With Kalvin Phillips on his way to Manchester City, Raheem Sterling apparently set for Chelsea and the Brazilian trio of Raphinha, Richarlison and Gabriel Jesus all at various stages of progress on their own much-touted moves this looks like being a bumper summer for big-money intra-Premier League transfers.
But how have previous such moves worked out for the players involved? We’ve ranked every previous such move between Premier League clubs and set an entirely arbitrary ‘big-money’ benchmark of £40m and then inevitably had to guess in the margins because undisclosed fees are the scourge of the industry and more importantly this kind of feature.
Ultimately, though, this doesn’t matter too much here because we’re ranking the success of the move rather than the size of the fee, which is but one small factor in our very scientific (ahem) calculations and we have to cut things off somewhere. Got it? Grand, let’s crack on.
15) Gylfi Sigurdsson (Swansea to Everton, August 2017, £45m)
Was quite good but never really £45m good for Everton and then <redacted>.
14) Nathan Ake (Bournemouth to Manchester City, August 2020, £41m)

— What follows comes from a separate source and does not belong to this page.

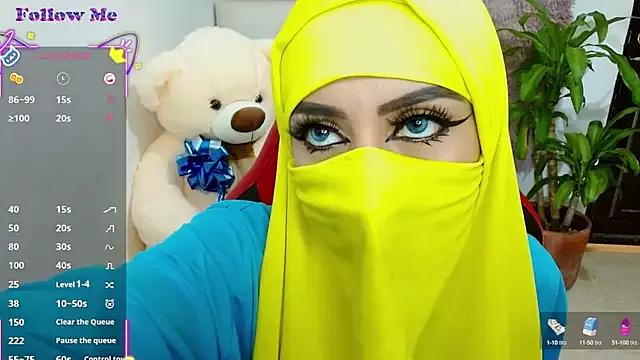 Freechat _alabina_ on StripChat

Might actually have been a smidge under £40m, it depends which reported fee you choose to believe and probably involves a bit of exchange-rate chicanery to sneak it over the £40m cut-off, but we’ve done so as a reminder that even City can get this wrong because, as you’ll see later on in this list, they generally get this quite sickeningly right. Sure, City’s detractors may have a point when complaining that they get to play the game on easy mode but their hit rate when spending £40m-£60m on a footballer is absurdly high. So, with all due respect to the Dutch centre-back, let us revel in this one that went so horribly wrong that he did an adequate job when called upon, allowing City to recoup pretty close to what they spent on him should they decide to cash in and sell him to any one of four or five Premier League suitors. Damn you, City!
13) Romelu Lukaku (Everton to Manchester United, July 2017, £75m)

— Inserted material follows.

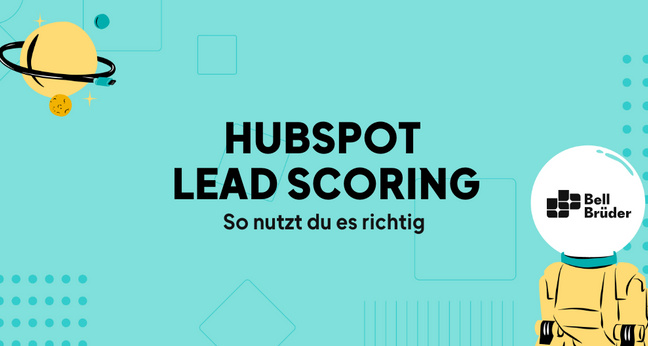Hubspot Lead Scoring
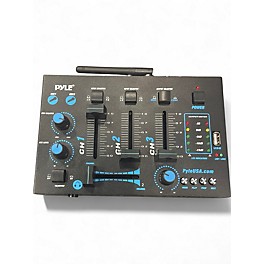 Used Pyle PMX7BU Powered Mixer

Now only his second most disastrous and eye-wateringly expensive move to a Premier League club so that’s…something. His numbers at United really weren’t all that bad – especially in light of his struggles last season at Chelsea – but he never truly seemed settled at United, especially once Jose Mourinho had made way for Ole Gunnar Solskjaer. Managed 16 Premier League goals in his first season and 12 in his second with United which at the time, and in the context of a 25-goal season for Everton that prompted United to make their expensive move, seemed disappointing. With our 20-20 hindsight and a fraught, eight-goal season for Chelsea before heading back to the comfort blanket of Inter, it looks like a golden age.
12) Aaron Wan-Bissaka (Crystal Palace to Manchester United, June 2019, £45m)
City have been great at these kind of transfers over the last decade or so but United, well, not so much. Wan-Bissaka was signed at great expense after just a single – albeit eye-catching – full season of Premier League football with Crystal Palace, where his defensive prowess was far more significant than his near-total absence of attacking ability. At United, this has quickly been exposed as a major weakness and one that it’s not clear can truly be solved. It might just be that England’s eighth-choice right-back is one who will always excel slightly further down the food chain but will never look quite right at a club with United’s status and ambition.
11) Harry Maguire (Leicester to Manchester United, August 2019, £78m)
A fascinating footballer who has long had the vague but undeniable air of one of those secondary characters from a Roy of the Rovers comic book, a strip whose premise is that a non-league footballer has been imbued with inexplicable and ill-fitting elite talent by a pair of magic boots or some such. Maguire now appears to have lost those boots or whatever it was and is now in the death-spiral towards full figure of fun status as the poster boy for United’s calamitous and precipitous decline. None of which is really fair, but here we are. And even with the magic boots he was never really worth £78m.
10) Fernando Torres (Liverpool to Chelsea, January 2011, £50m)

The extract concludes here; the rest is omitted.